The instructional team will download each team's GitHub repo and cross-examine each team's proposal for reproducibility on the current dataset and for reliability using a different dataset.

Suggested team workflow
  1. [wk1] Week 1 is the planning week. Read data description, fully understand the project requirement, and browse data and the starter codes.
  2. [wk1] As a team, download the data, discuss data management need of this project, and try adapt the starter codes to a subset of images to a sense of computational burden of this project.
  3. [wk1] As a team, read and brainstorm about possible lead on features.
  4. [wk2] Based on outcomes from week 1 brainstorm sessions, start data cleaning (start early on this one!)

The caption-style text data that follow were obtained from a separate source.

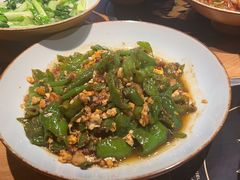 -吃饭皇帝大·土家民族菜(武陵源店)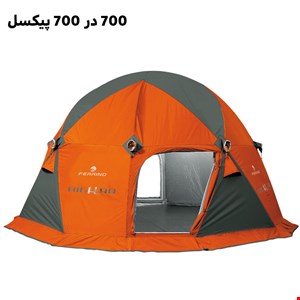 چادر مسافرتی 8 نفره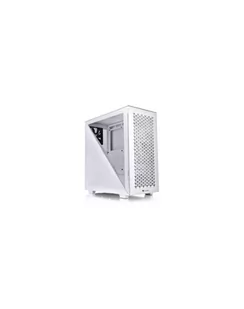 Thermaltake Divider 300 TG Air Kolor: BIAŁY ATX - CA-1S2-00M6WN-02 - Obudowy komputerowe - miniaturka - grafika 1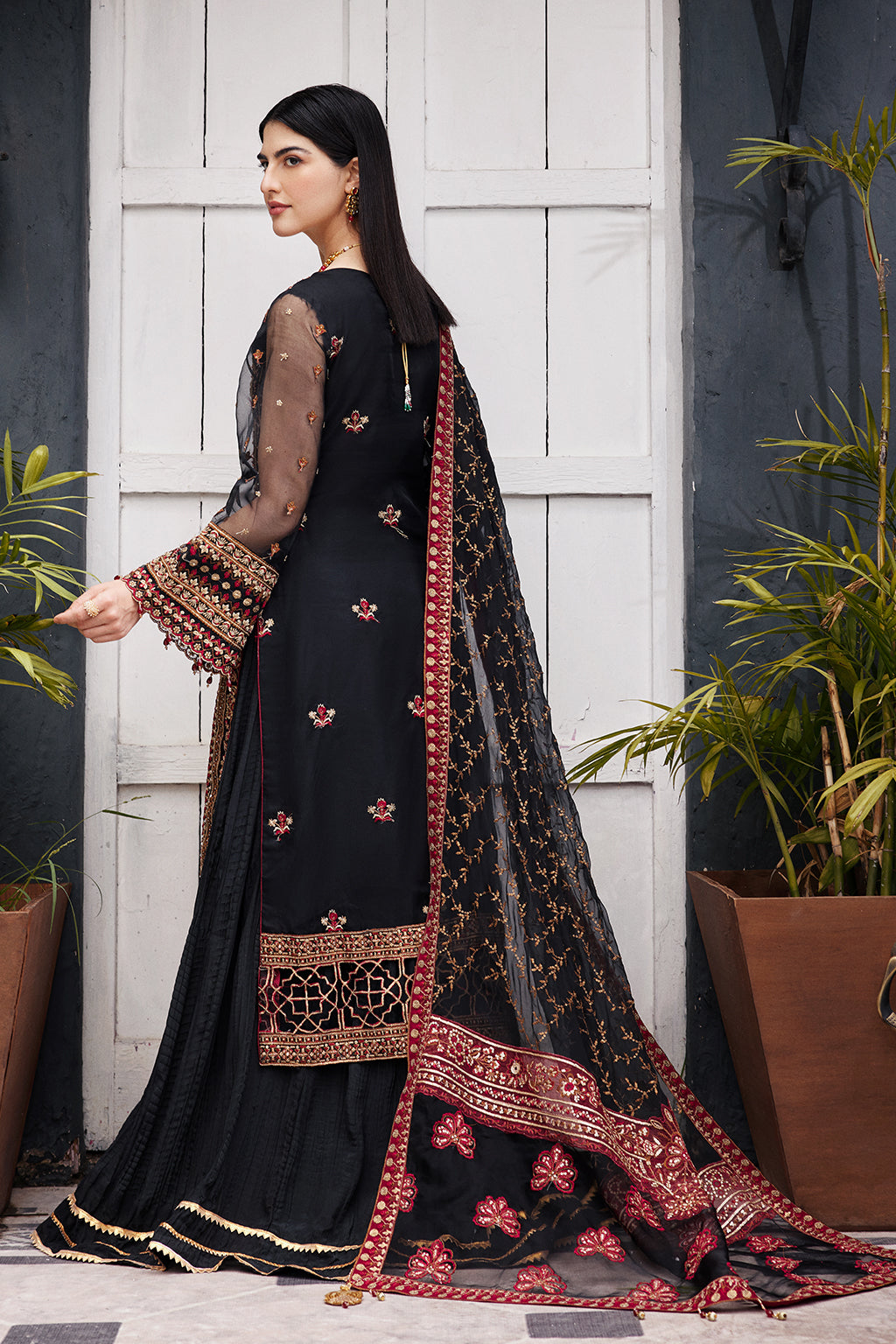 Nawabzadi By Emaan Adeel
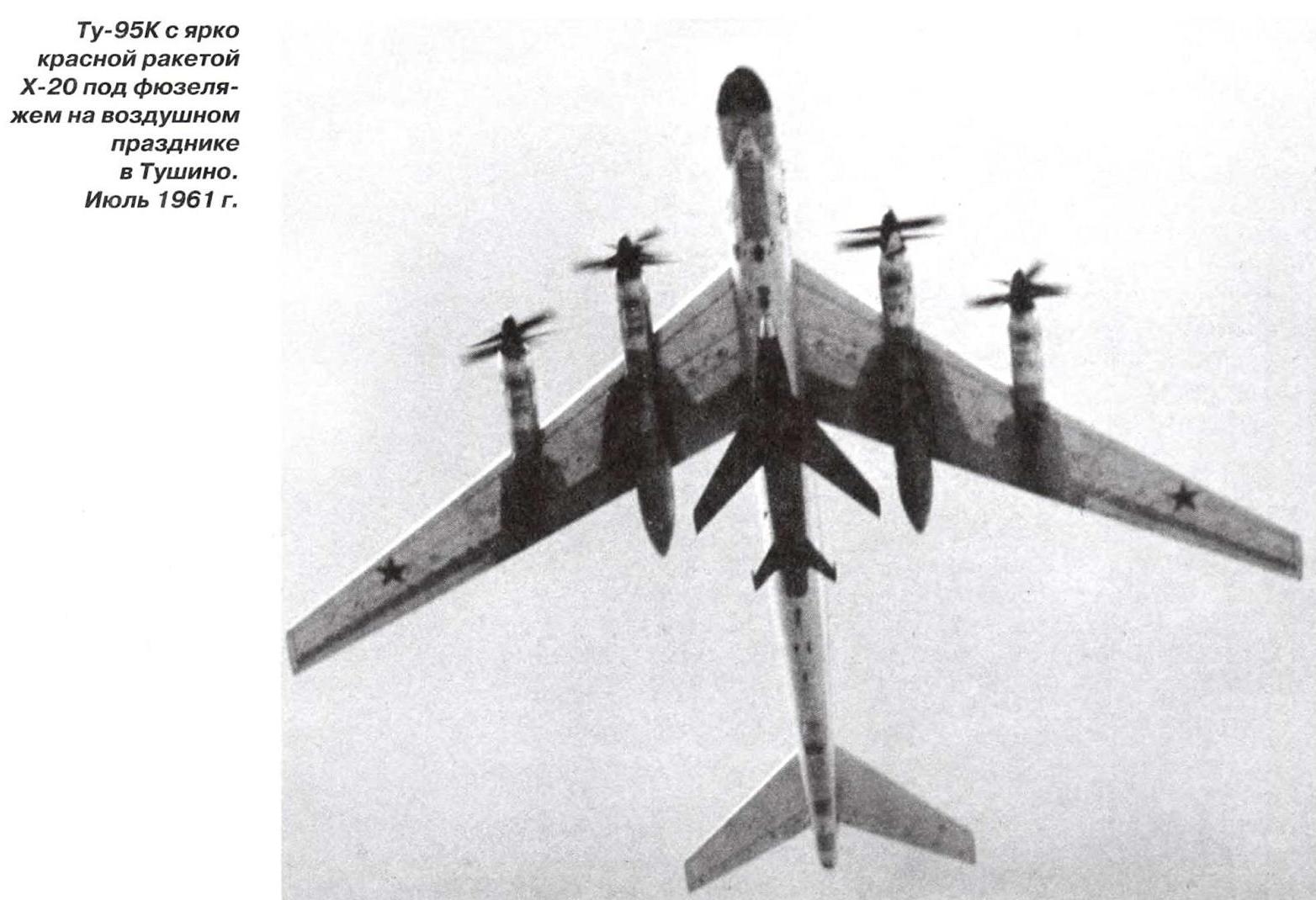 Николай Якубович «"Стратосферные крепости" Б-52, М-4 и Ту-95» Скачать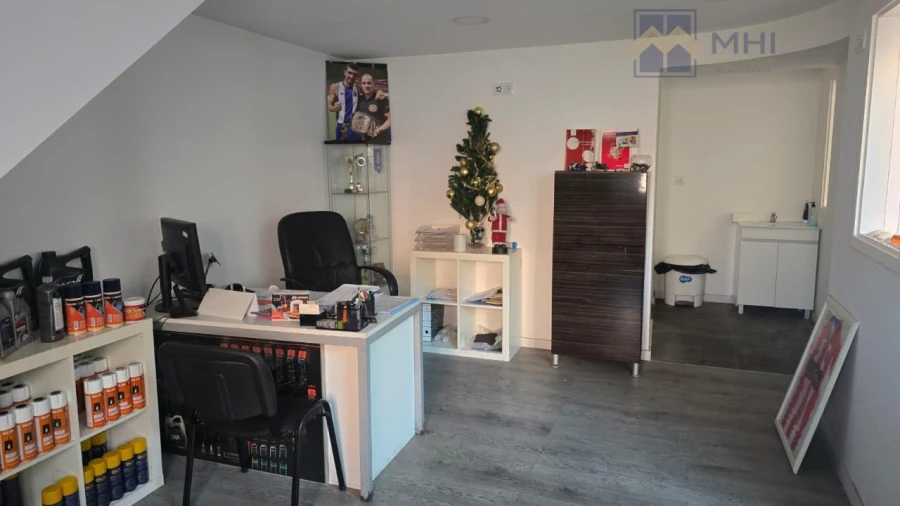 Armazém para Venda em Bonfim Foto 2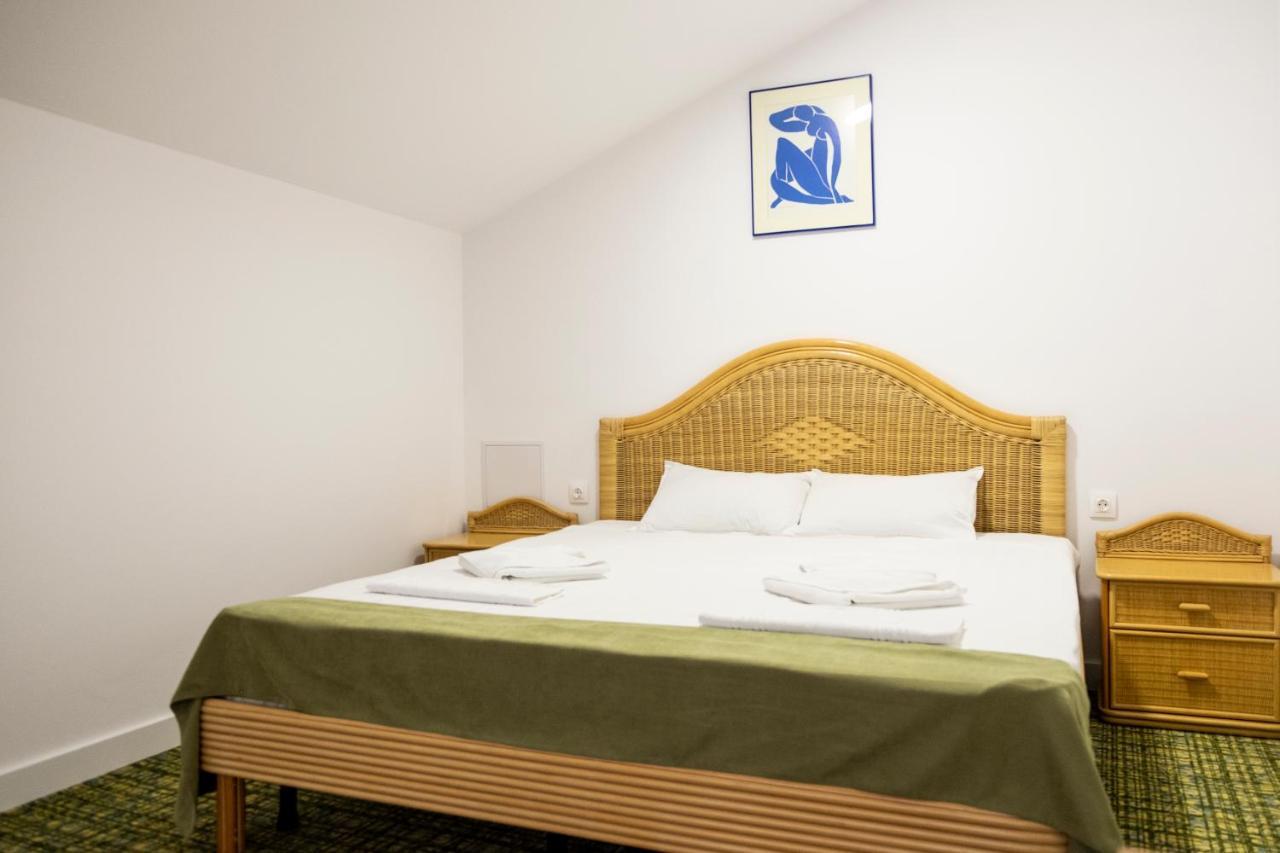 Hotel Casa Gabriela Bucarest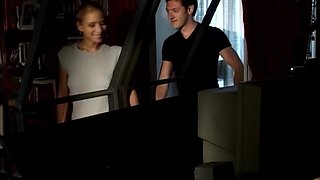 Julia Taylor In Maruzzella movie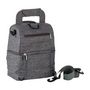 Voir la diapositive 6 : THERMOBABY Sac Isotherme - THERMOBABY - Compact et léger - Repas chaud ou froid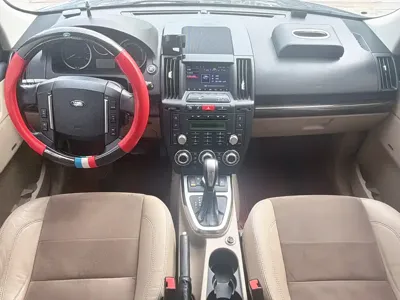 Land Rover Freelander 2 2011, 130000 км, за 25800 CNY - фото 12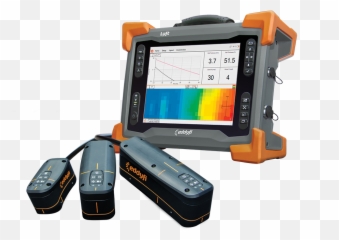 Eddyfi Officially Launches - Pulsed Current png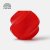 PLA Basic filament Bambu Lab červená (Red) 1,75 mm 1 kg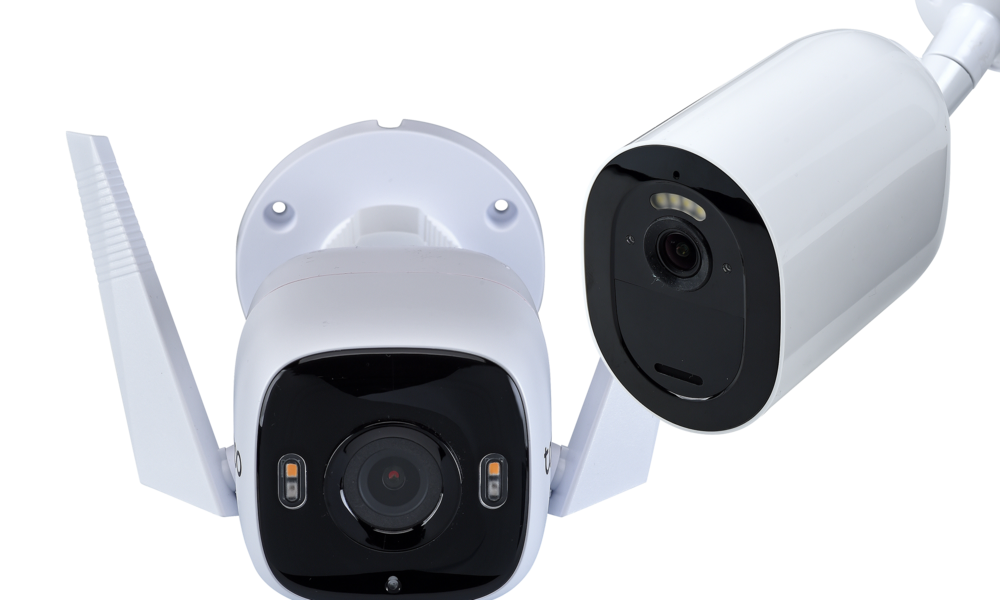 Test TP-Link Tapo C420 : une caméra de surveillance polyvalente - Les  Numériques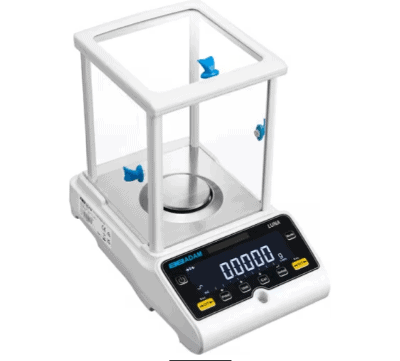Balanza analítica luna-LAB 214i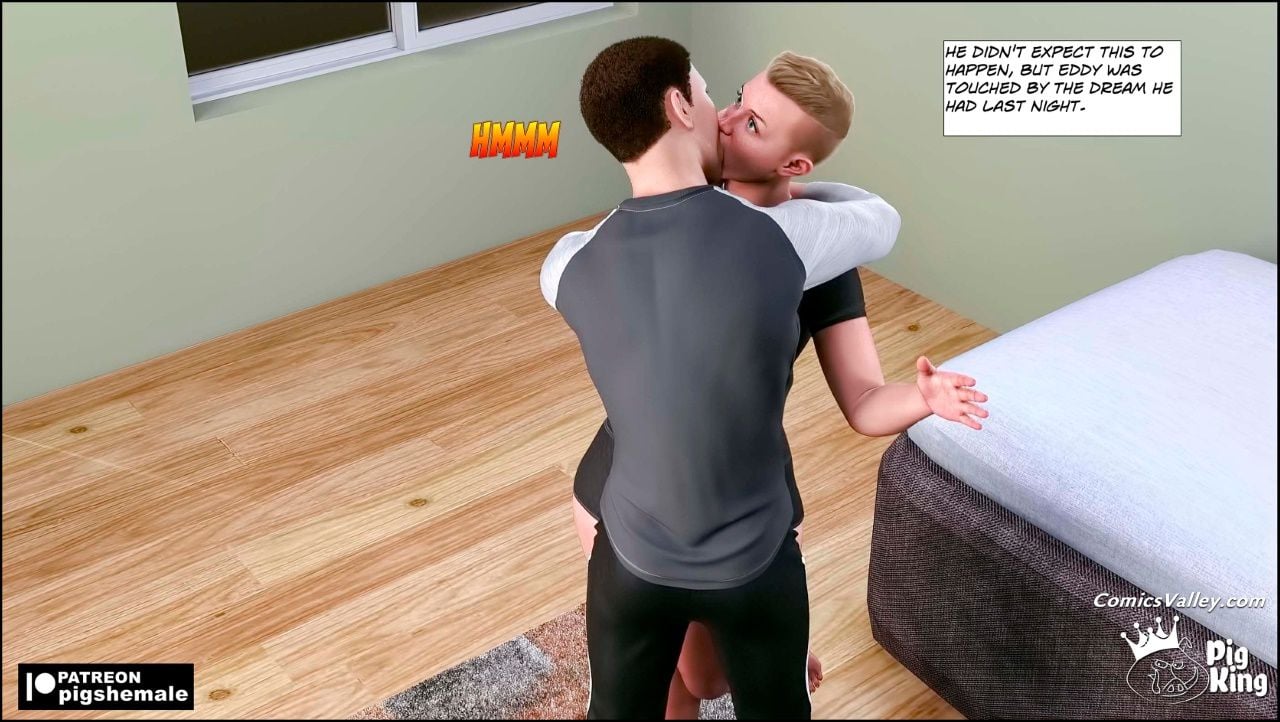 Hell Village [PigKing] Bulls - LQ - Chapter 3 - Page 87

  5. [wk2] Week 2 is the exploration week. Try different features and classifiers.
  6. [wk2] It is ok to have 2-3 leads to explore at the beginning of week 2 but it is better to converge on a single direction by the end of week 2 (Oct 16/17).
  7. [wk 3+4] Week 3/4 is program evaluation weeks. By Oct 23/24 (the beginning of week 3), you should have a clear plan on what set of features to consider and what set of classifiers to consider. During the final week, there will be some serious model training, validation and testing, which is likely to take some time. (Start early!)
  8. [wk 3+4] By Oct 23/24, you should layout a to-do list and divide up tasks. Teams should work together and resolve any ambiguity about which team member should be doing what for this project. This is extremly important for this project due to the computational nature of this project.
Working together
  • Setup a GitHub project folder with everyone listed as contributor. Everyone clones the project locally and create a local branch.
  • The data is too big to be stored on GitHub. You can fork the repo to a local folder for this class or all your data science projects and have the data stored in "../data/" from root. Your project folder may look like
local proj/
├──data/
├──GitHub/
├── README
  • The team can work with subgroups of 2-3 work together more frequently than the entire team. However, everyone should check in regularly on group discussion online and changes in the GitHub folder.
Example starter codes

As example, you can find in the GitHub starter codes an example using handwritten zipcode data. We will give more examples during tutorials.